The book is a snapshot of their lives a year on from Meredith’s husband leaving her.  Whilst she pines for a husband so emotionally detached, he barely sees their two children, Jack’s successful career is headed down the pan – and no one knows the real reason why.
The characters are as vivid and absorbing as Winter’s debut (though he’ll have to go a long way to replace Lost and Found’s Albert in my heart!), and there’s a far greater range of personalities.  Meredith’s son is fabulously unique, and as a result, experiencing the inevitable bullying this brings.  Her daughter is at heart insecure but in that well-documented way of teenage girls, possessed of an attitude of indestructibility which leads her into particularly dangerous situations.  I liked that the novel dealt with numerous modern day issues affecting young people in a way which is largely un-judgemental.

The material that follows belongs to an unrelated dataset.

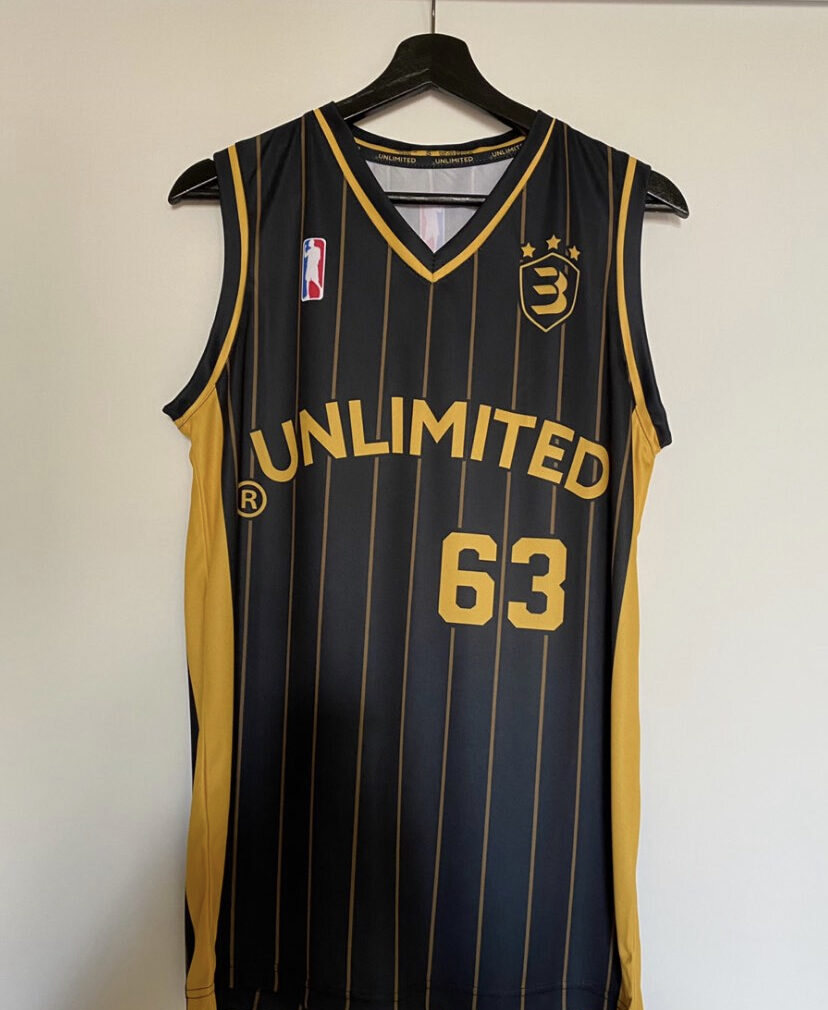 Camiseta de baloncesto Unlimited 63 negro y oro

I think the best thing about the way Tom Winter seems to write all his characters is with equal measures of good and bad.  No one is escapable of redemption, no one is ever truly one sided, there are reasons behind all their behaviour and so far, it’s never clichéd.   Ultimately this makes him capable of turning books with the ability to be horrifically depressing to actually nurture glimmers of hope.
Winter retains his use of language which is both witty and cutting, and in this novel, we see an outrageous side – multiple strands within the novel combine to an entire series of events which are at best comically unlucky and at worst absolutely ridiculous for our main characters.  Slow down Tom, don’t use all your ideas at once! But then again... whoever wrote a novel about a string of dull everyday happenings?
Overall, it’s another winning novel for me, with an ending which is both devastatingly sad and yet hopeful.